The Hens seem to be thriving and we've been getting an egg a day recently,. A few days ago, we had a decidedly small egg and so assume that it was a first from whichever of the pair had yet to lay. Now, we hopefully expect a couple a day, though that's yet to happen with any regularity. They could really do with better accommodation:
At the moment they're in a (badly) fenced off part of the garden with a Varikennel for shelter. The cage was in fact our means of transporting Charlie internationally. It's big enough to keep him secure, with a litter-tray at the back, a blanket/bedding and his food-bowl. It's a doggy-sized affair and is very secure, so the Chooks are fine inside it overnight for now. But I'll have to arrange something a bit better for them in the longer term.
J went back to England this morning, flying with FlyBe from Nantes to Gatwick. Yesterday she decided to add additional baggage to the booking. The website said this was easily done and cheaper than adding it at the airport itself. The FlyBe website, however, refused to cooperate. It simply wouldn't permit the alteration or addition of any baggage. At the airport itself, the staff - as usual - behaved like Ostriches, denying all knowledge of website difficulties and refusing to permit additional baggage at online/pre-booked prices. Instead they demanded an extra thirty-seven euros. We told them to stuff it and I brought the bag back with me in the car. When we complained to the airline itself, they responded in the usual anodyne way and failed to address the point that it is clearly - and greedily - in their interests to ensure that their website blocks these requests prior to flight but post booking online. It drives me to distraction. There seems to be no effective control over these businesses and their outrageously avaricious behaviour. I used to think this lot were not too bad - a long way better than the awful Ryanair - but now I'm not so sure.

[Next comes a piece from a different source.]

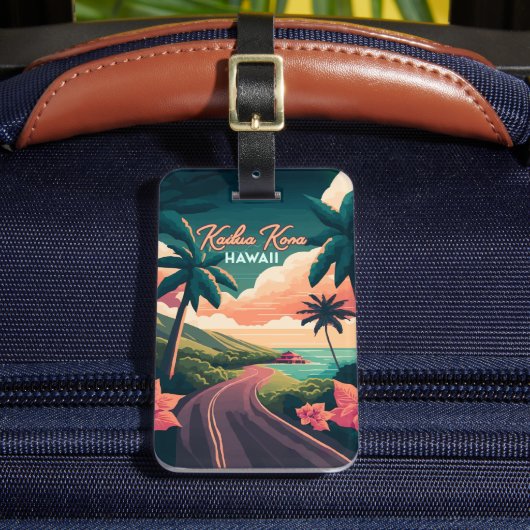 Kailua Kona Hawaii Big Island Sunset Retro Bagagelabel (Voorkant Insitu 2)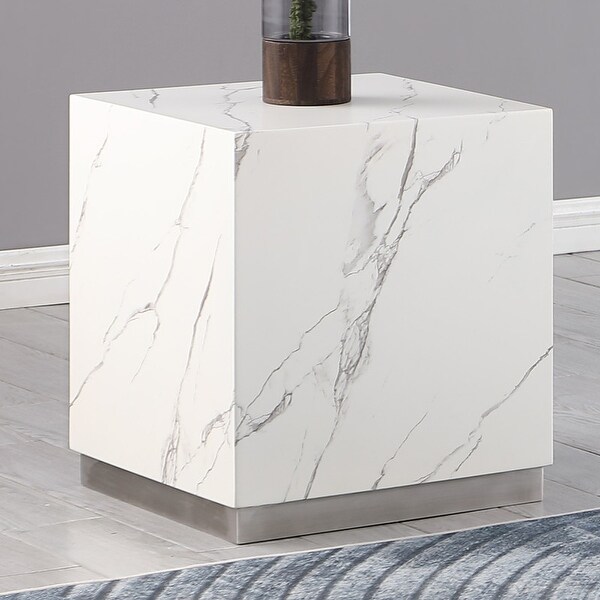 Best Master Furniture Bennacio Faux Marble Square End Table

We have a guitarist friend coming over from Pittsburgh, PA, next week. He's coming over on holiday but will be doing one gig in a small venue near Bordeaux, followed by a guitar masterclass/workshop on the next day. I'm really looking forward to seeing him, and his partner, Nancy, as it's been a few years since we last met. He did a similar type of gig up in Stockholm a few years ago. Luckily that coincided with our travelling down to Spain, so we stopped off in the Swedish capital for the evening and had a fine night out with Ernie and Nancy, though he was on stage for most of the time and selling CDs/DVDs and signing bits and bobs in between sets. Hopefully I'll have a better chance to spend a bit more time with him this time round. He is primarily an acoustic blues/ragtime-blues player and the French tend to prefer electric blues - generally of a poor standard:
Ernie is one of the leading players in the acoustic blues/ragtime/jazz genre in the USA - and elsewhere! A former guitar student of the late, great Rev Gary Davis, these days he is the backing guitarist of choice for Maria Mauldaur and often plays with Jefferson Airplane's former guitarist, Jorma Kaukonen. His repertoire is extensive and he often plays his own arrangements of Loiuis Armstrong classics from the 1930s. He is also a formidable guitar teacher and widely admired internationally. I expect to have a pleasant evening out though the three hour, each way, drive is not so appealing. J would have loved to go too, as she is a friend of Ernie's partner, Nancy, who will also be there at the gig.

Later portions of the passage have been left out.